I have a Parquet data lake stored in Azure Data Lake Gen2. I am using Synapse to perform serverless SQL queries on this data lake – and I then visualize this via Grafana, using Microsoft SQL Server as the data source. I am using OPENROWSET rather than creating External Tables.
My Parquet files are structured as below:
device/message/yyyy/mm/dd/xyz.parquet
In Grafana, I wish to create ‘Variable’ drop downs for enabling users to dynamically select devices, messages and columns within those messages.

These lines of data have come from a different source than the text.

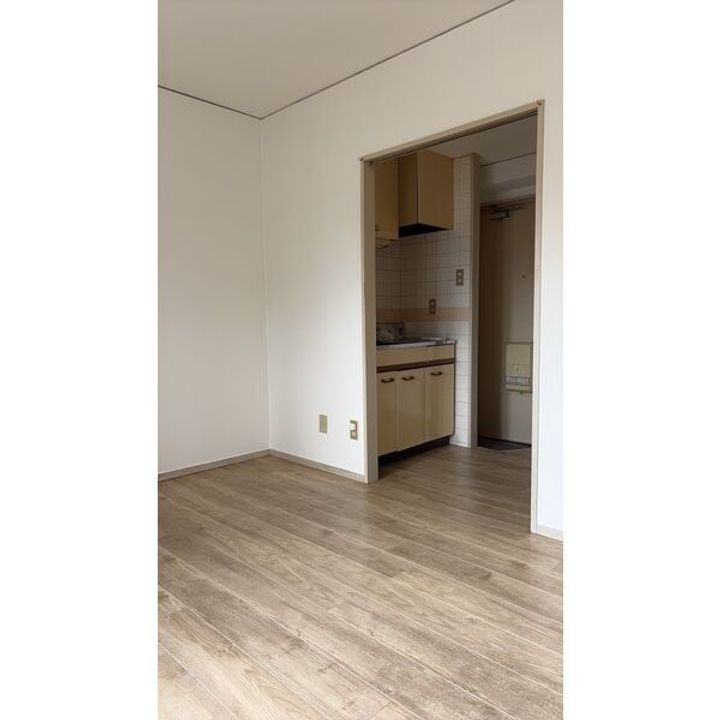 城南ビル304の居間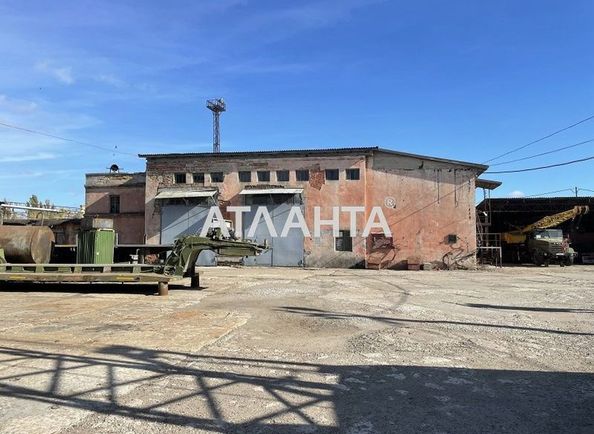 Commercial real estate at st. Chepigi atam Bondareva (area 2034 m²) - Atlanta.ua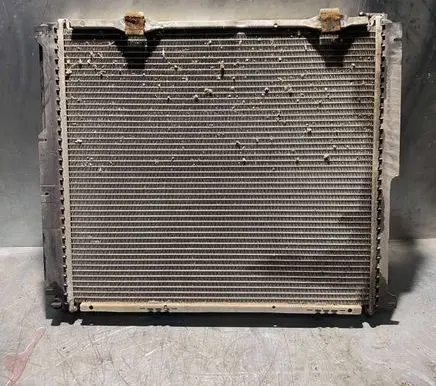 Mercedes-Benz E W124 Coolant radiator 2017W3Q 62696A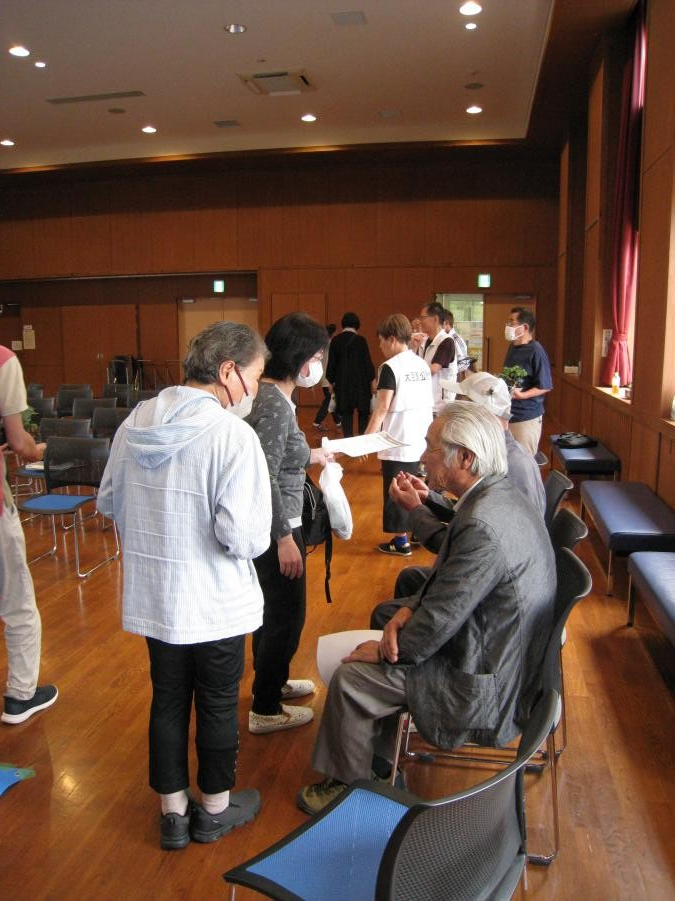 講師に質問する参加者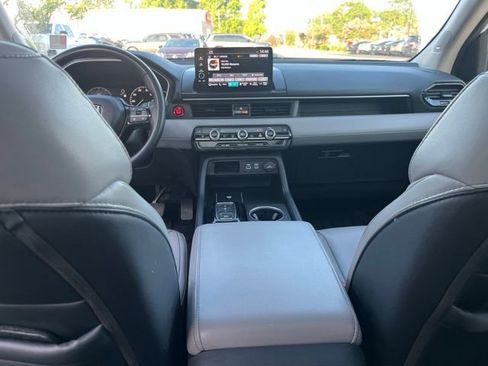 Used 2025 Honda Pilot Touring image 17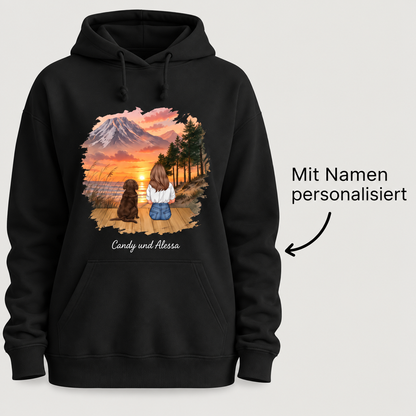 Felpa con cappuccio nera con illustrazione personalizzata di una persona con un cane al tramonto.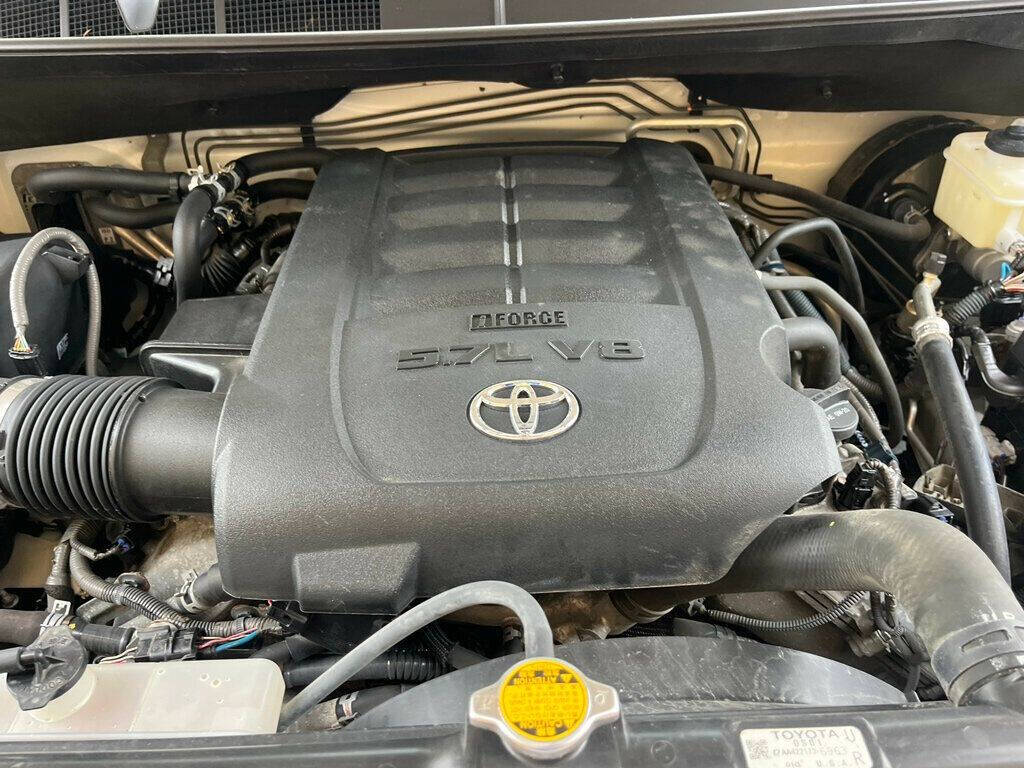 2013 Toyota Sequoia 54
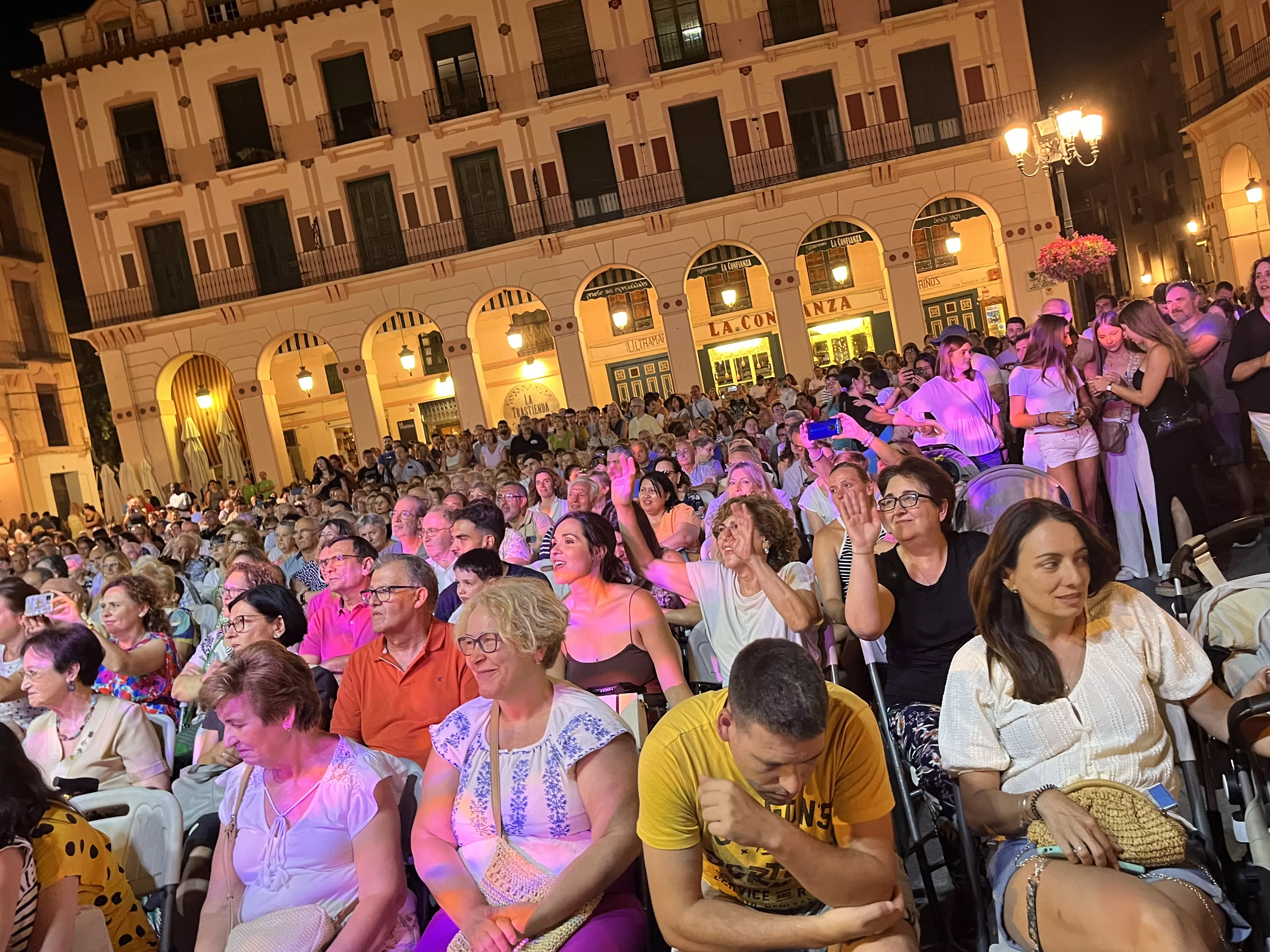 Concierto de la Banda de Música de Huesca a beneficio de la AECC. Foto Mercedes Manterola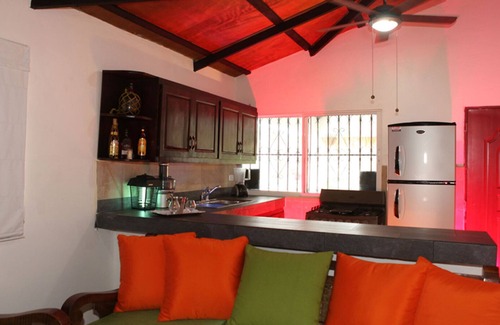 Cambita El Pueblecito House | King Ranch villas - hilltop cabin with 22 person jacuzzi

I am struggling to create a single query that extracts the column names as values. I need this in order to create a ‘column’ variable dropdown. I have tried with below query:
SELECT TOP 1
*
FROM
OPENROWSET(
BULK '3BA199E2/CAN2_gnssimu/*/*/*/*',
DATA_SOURCE = 'ParquetDataLake',
FORMAT = 'PARQUET'
) AS r
WHERE
CONCAT(r.filepath(1), '-', r.filepath(2), '-', r.filepath(3)) BETWEEN CONVERT(date, $__timeFrom()) AND CONVERT(date, $__timeTo())
AND
$__timeFilter(t)
This works to some extent as it returns the columns of a selected device/message folder, but it also returns the 1st row. In Grafana, the implication is that the Variable dropdown contains the 1st row values, rather than the column values.
I am looking for a modified query that will instead return the column names as the end result.